Helter Skelter aired across the United States in 1976, much to morbid fascination of the multitudes. The made for TV film is based on the 1974 book written by chief prosecutor Vincent Bugliosi and Curt Gentry. In the United States, it aired over two nights on CBS. In some countries it was shown, with additional footage, in theaters.
The 1976 film was directed by Tom Gries and stars Steve Railsback as Manson and George DiCenzo as Bugliosi, Nancy Wolfe as Susan Atkins, and Texas Chainsaw Massacre alum, Marilyn Burns as Linda Kasabian. Screenwriter JP Miller would go on to receive an Edgar Award from the Mystery Writers of America for Best TV Feature or Mini-series Teleplay in 1977.
Helter Skelter is based upon the murders committed by the Charles Manson Family in 1969. The best-known victim was actress Sharon Tate, who was married to director Roman Polanski, and pregnant with the couple first child at the time of her murder. The title was taken from the Beatles' song of the same name which appeared on the bands eponymous titled ninth album, which is more famously known as the “White Album”, that was released in 1968. It was revealed during the trial that Manson used the term, “Helter Skelter”, for the race war he envisioned, and the words had been scrawled in blood on the refrigerator door at the house of one of the victims. Many stories have circulated over the last forty years about how Manson had used LSD and repeated playings of the song to brainwash members of the family.

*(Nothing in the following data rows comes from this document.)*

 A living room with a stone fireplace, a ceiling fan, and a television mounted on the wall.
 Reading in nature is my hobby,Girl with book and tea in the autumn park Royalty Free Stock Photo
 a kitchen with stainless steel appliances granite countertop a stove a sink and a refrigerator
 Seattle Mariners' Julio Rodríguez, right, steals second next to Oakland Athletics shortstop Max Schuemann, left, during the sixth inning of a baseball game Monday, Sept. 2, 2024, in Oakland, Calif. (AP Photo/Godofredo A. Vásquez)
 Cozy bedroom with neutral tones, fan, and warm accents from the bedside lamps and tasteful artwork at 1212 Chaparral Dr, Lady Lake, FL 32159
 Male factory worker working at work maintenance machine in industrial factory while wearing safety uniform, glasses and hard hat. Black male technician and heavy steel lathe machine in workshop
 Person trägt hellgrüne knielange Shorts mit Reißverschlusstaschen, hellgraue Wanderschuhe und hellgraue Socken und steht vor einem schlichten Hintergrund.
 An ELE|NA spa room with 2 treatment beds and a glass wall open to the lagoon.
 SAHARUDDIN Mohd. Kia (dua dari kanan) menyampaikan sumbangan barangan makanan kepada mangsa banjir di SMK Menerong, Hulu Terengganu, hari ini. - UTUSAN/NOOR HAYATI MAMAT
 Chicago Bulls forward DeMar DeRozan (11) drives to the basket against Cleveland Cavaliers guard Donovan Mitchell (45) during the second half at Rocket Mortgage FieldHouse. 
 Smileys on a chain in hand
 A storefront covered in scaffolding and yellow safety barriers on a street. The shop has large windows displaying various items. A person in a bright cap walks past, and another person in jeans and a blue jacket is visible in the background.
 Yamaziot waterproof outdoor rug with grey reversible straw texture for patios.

The film suffers from the same things that most made-for-TV productions do. And the hokey opening in which the narrator speaks directly to the viewers at home doesn't help. What does engage the audience is the strong performances by Steve Railsback and Nancy Wolfe. Railsback is electrifying as Charles Manson, especially in the courtroom scenes in the second half of the film. He manages to channel Manson's manic energy and crazy outlandishness with a terrifying accuracy, that leaves the viewer wondering about Railsback's own mental stability.
Wolfe's performance as Susan Atkins also contains the same kind of intensity but unlike Railsback's/Manson's mania, Wolfe's, Atkins has the cold, unsympathetic, matter-of-fact demeanor of a true psychopath.
Both the book and the film Helter Skelter are sensational examinations of the brutal and vicious crimes that still fascinate and hold our attention forty years later. They provide us with an up close and personal look at the murders that came at the tail end of the peace and love 1960's. For many, the murders are a fitting end to a turbulent decade that despite all its idealism, will always be marred by the violence of the Civil Rights and Anti-War Movements, the assassinations of John and Robert Kennedy, Martin Luther King, and Malcolm X, as well as the horror of the Vietnam war.